There are many others cases throughout history in which correlation and causation are confused. The patent medicine vendors and snake oil salesmen of the eighteenth and nineteenth centuries profited from this confusion. The concoction of alcohol, water and herbs sold as a cure for “what ails you” had no curative properties whatsoever. However, by the time the patient felt ill enough to use the foul-tasting mix and repeated its use for the prescribed amount of time, the illness had gone away: correlation not a cure.
In the twenty-first century, we have banished dragons and demons from the natural world; however, we have not banished them from our lives. A modern demon that obsesses us today is the economic recession. All of us became aware of this demon devouring our wallets and portfolios about a year ago. To drive the demon away, we didn’t bang pots and drums or submerge ourselves in rivers; instead, we relied on government stimulus packages for the cure. Much as in ancient times, the community leaders are now all declaring these packages to have been successful. While the recession dragon hasn’t gone completely, it is receding. With continued stimulation, it will be gone for good.

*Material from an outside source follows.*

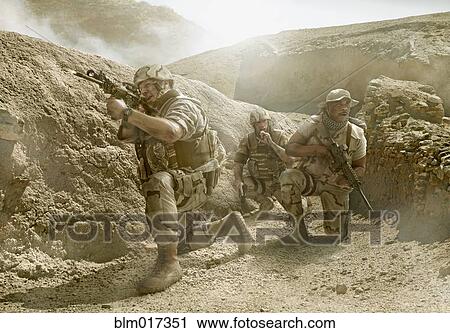 Stock Image - Soldiers advancing in dry rural landscape. Fotosearch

The question is, of course, is all of this causation or correlation? In a system as complex as the global economy, it is never easy to sort out causation and correlation. Further, accurate data on stimulus spending is not always easy to find. As the Canadian Parliamentary Budget Officer notes, it is difficult to tell how much of the infrastructure money in the government stimulus package has actually been spent. The suspicion is that little spending has actually occurred yet. In the US, information from the recovery.gov webpage suggests that about $35 to $40 billion of infrastructure monies in the US stimulus package have been spent. The relatively modest amounts of infrastructure spending to date make it difficult to believe that many jobs have been created or that this spending has pulled these economies out of recession. Of course, politicians, like the ancient leaders and patent medicine vendors of the past, are more than happy to take credit for the recovery. Stimulus has worked!

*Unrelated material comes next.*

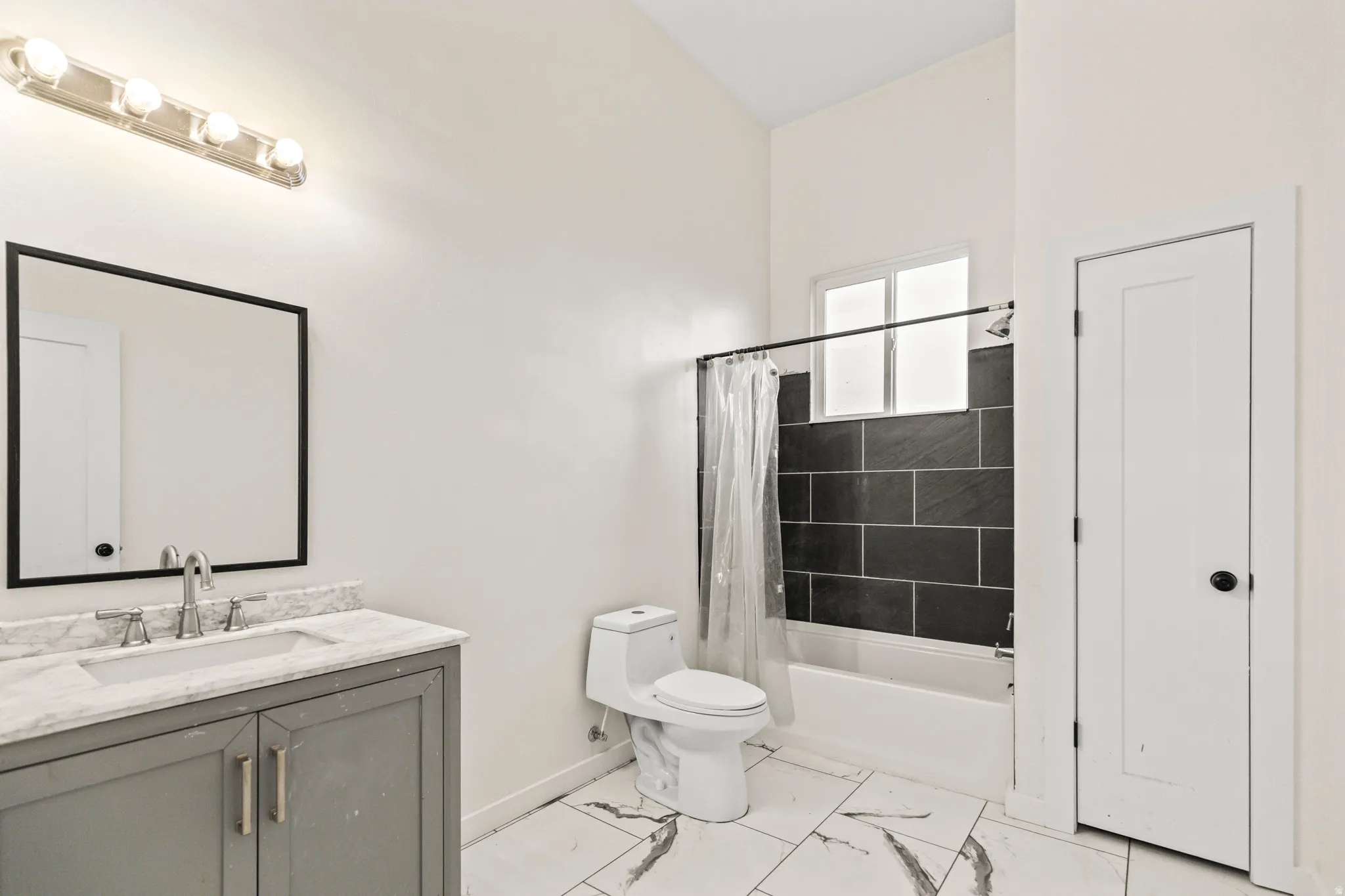Bathroom featuring a gray vanity with an undermount sink, a framed mirror, a five-bulb vanity light, and a tiled shower with a window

If stimulus spending has not caused the recovery, we need to ask how this happy correlation between stimulus packages and recovery occurs. The explanation is this: It typically takes quite some time for all of us to notice that a recession has occurred. In the current recession, it was almost a year before the seriousness of the economic downturn became apparent. Once the recession is identified, political leaders and policy makers require time to formulate their policy / stimulus package and pass the legislation authorizing the spending. Further time passes while a bureaucracy is set up to approve projects and distribute stimulus money. Once the stimulus money begins to flow, so much time has passed that, for reasons completely unrelated to the stimulus spending, the economy is already coming out of the recession. It’s much like the patent medicine that “cures” your illness. Like the patent medicine vendors, political leaders declare victory and we go on believing in the importance of stimulus spending for fixing recessions.
Not surprisingly, politicians today, much as the leaders of old, don’t want to risk not stimulating the economy. After all, the stimulus money is not theirs and any perceived delay in economic recovery is politically costly. Unfortunately for all of us, the cure for driving away the recession demon is not an hour or so of our time spent banging drums or wallowing in a river. For the tax payer of Canada the cost is tens of billions of dollars; for the taxpayer of the US, it’s hundreds of billions of dollars. No cheap cure, that.